The number of bacteria resistant to antibiotics is growing. In this edition of Child Wellness Wednesday, Marcie Fraser explains.
"If you are badly colonized or infected with this, it may something you may deal with all of your life, or it may kill you, and there are children in the country who have died of MRSA," explained Dr. Florence Gordon, pediatric cardiologist.
MRSA is one form of bacteria that has learned to outsmart antibiotics.
Dr. Gordon said, "You can take an antibiotic that used to work for a certain infection like an ear infection, or strep throat and over the course of several years or a decade, this antibiotic doesn't work at all."
When a child is sick, parents want them better. Often, a common symptom for parents to request antibiotics is green nasal discharge.
"Green is normal. There is an enzyme in white blood cells that turns green when it's breaking down mucus, so green is a good thing," explained Dr. Gordon.
In most cases, a child with a bit of congestion and fever will not need an antibiotic. It's okay to wait and see how the child feels for a few days.
"Over the age of 2 you can let it go three or four days as long as the child is drinking fluids and talking to you and not having trouble breathing," suggested Dr.

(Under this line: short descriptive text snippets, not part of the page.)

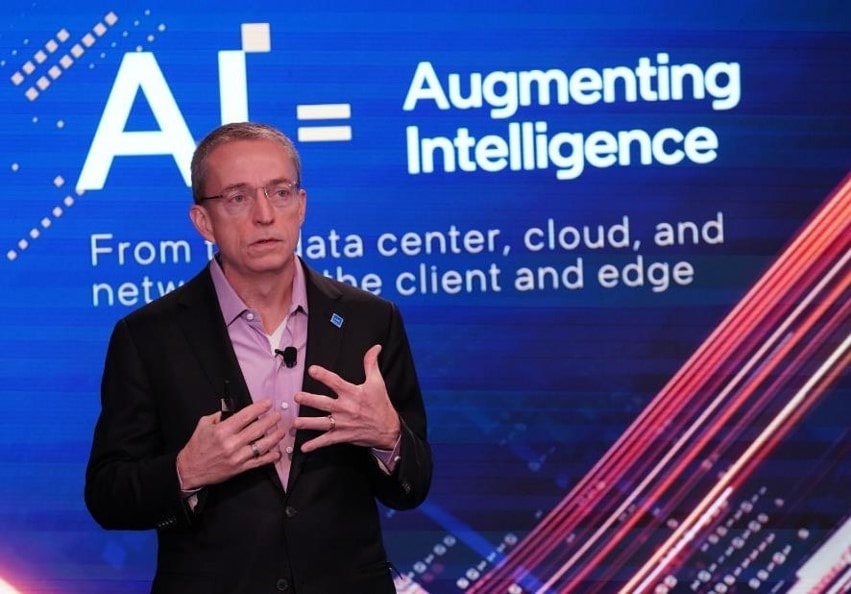 Pat Gelsinger, Giám đốc điều hành Intel, phát biểu tại sự kiện AI Everywhere 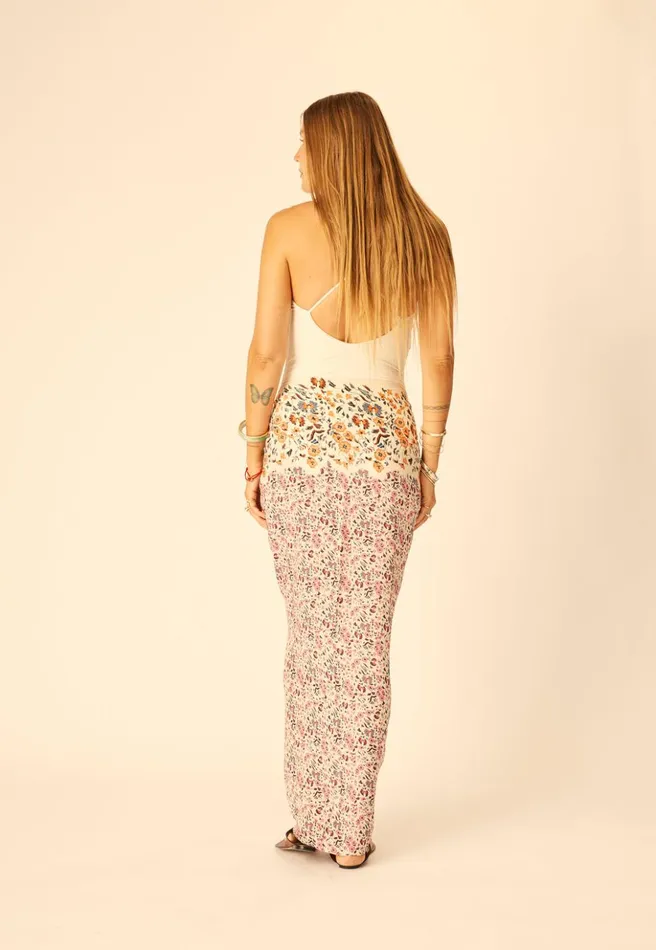 SarongScarf Petite Fleur Rose Women Natalie Martin Bottoms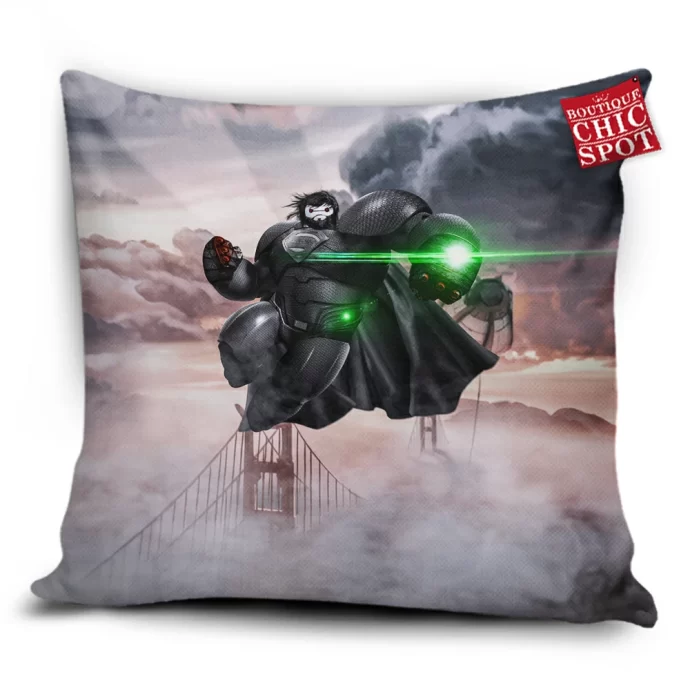 Baymax x Superman Pillow Cover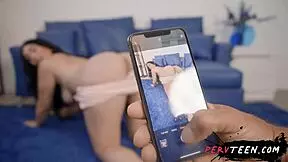 my best friend's girlfriend lets me photograph her big natural tits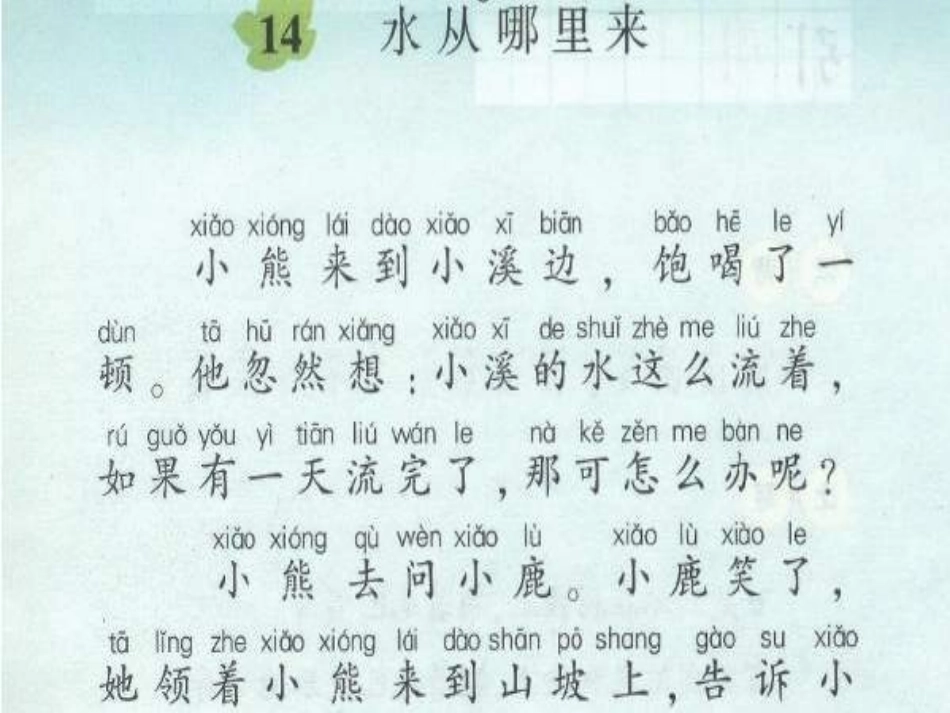 《水从哪里来》PPT课件[湘教版二年级语文上册]_第2页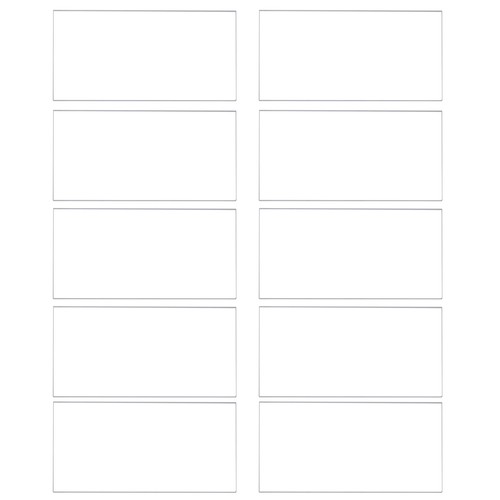10Pcs Clear Acrylic Place Cards Rectangle Acrylic Blanks Name Cards 3.5" x 2"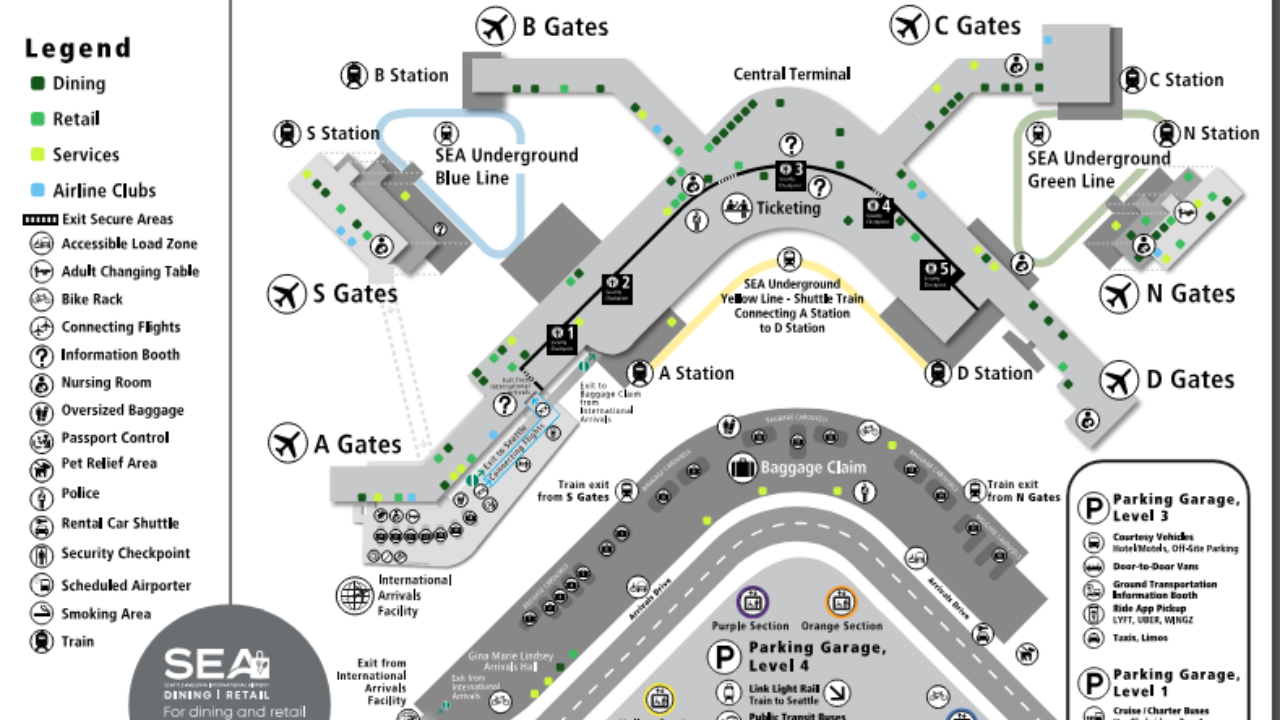 Seattle Tacoma Airport (SEA) Terminal Map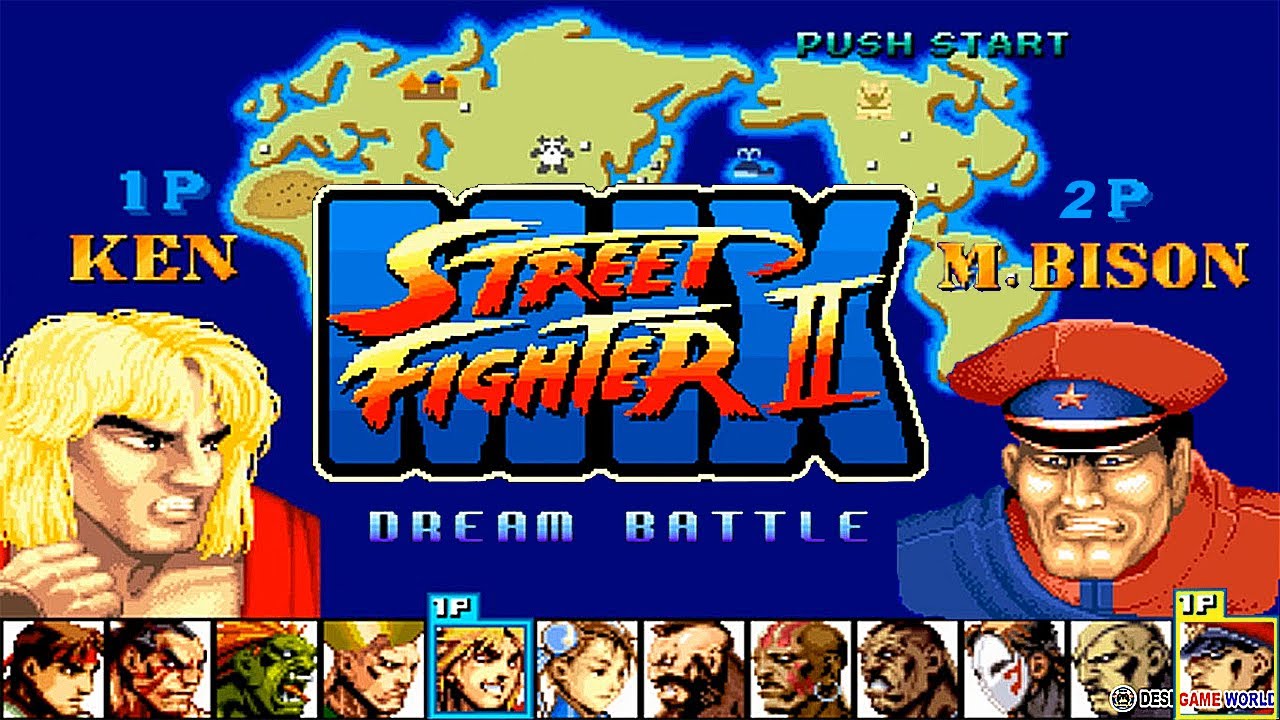 Street Fighter II: Champion Edition (1992): Partiu zerar com os chefes!!!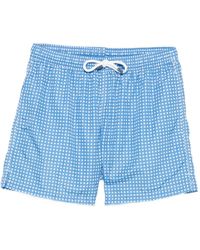 Fedeli - Madeira Geometric-Pattern Swim Shorts - Lyst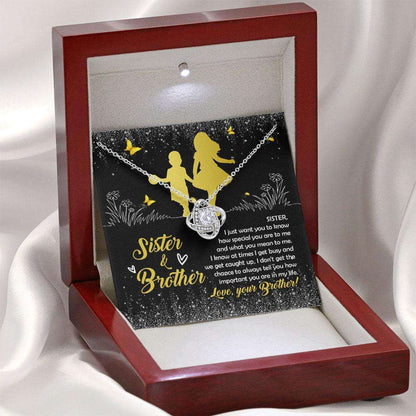 Sister Necklace, To My Big Sister Necklace From Little Brother, Big Sister Wedding Gift, Sister Birthday Jewelry, Sister And Brother Custom Necklace Gifts for Sister Rakva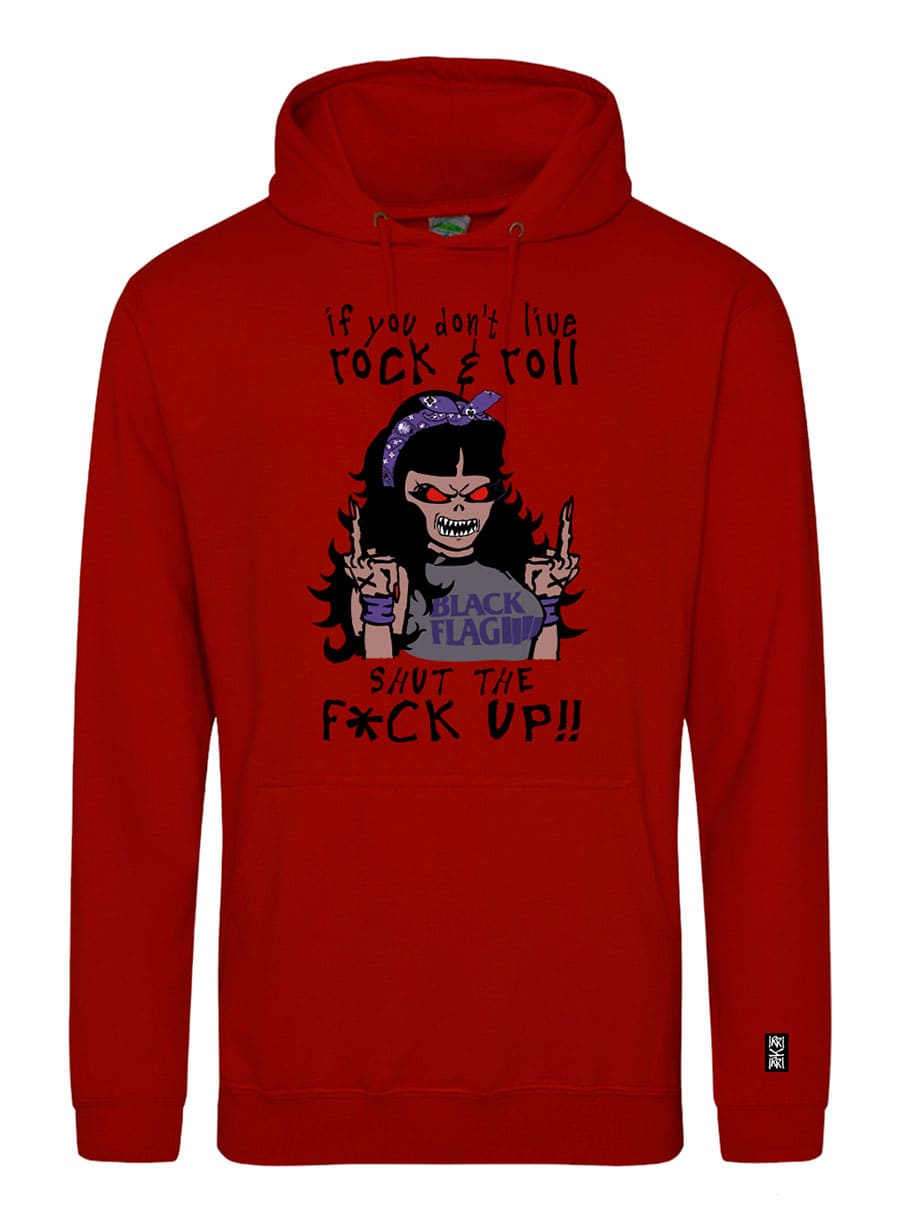 Sudadera con estampado delantero - Rockgirl - Rojo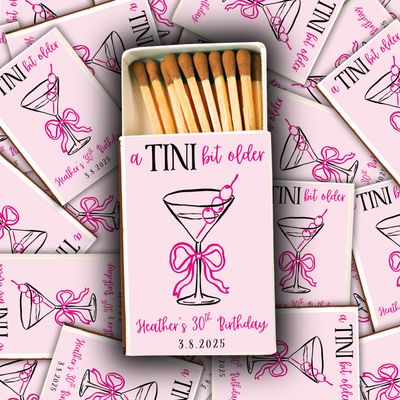 A TINI bit older Matchbox Favors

Gordon.
Antibiotic-resistant infections can occur anywhere in the community, but most deaths related to the infection often occur in nursing homes and hospitals.
You can reduce your child's risk of a drug resistant infection by reducing the use of antibiotics. If you are unsure if your child should be on an antibiotic, trust your doctor.
Dr. Gordon said, "You need to have a good enough relationship with your child's doctor that you can accept from them the fact that 'yes, everything is going to be uncomfortable for a couple of days but then everything is going to be all right.' Or conversely, 'Dolores, I will meet you at the emergency room please come down right now.' There is both ends of the spectrum," said Dr. Gordon.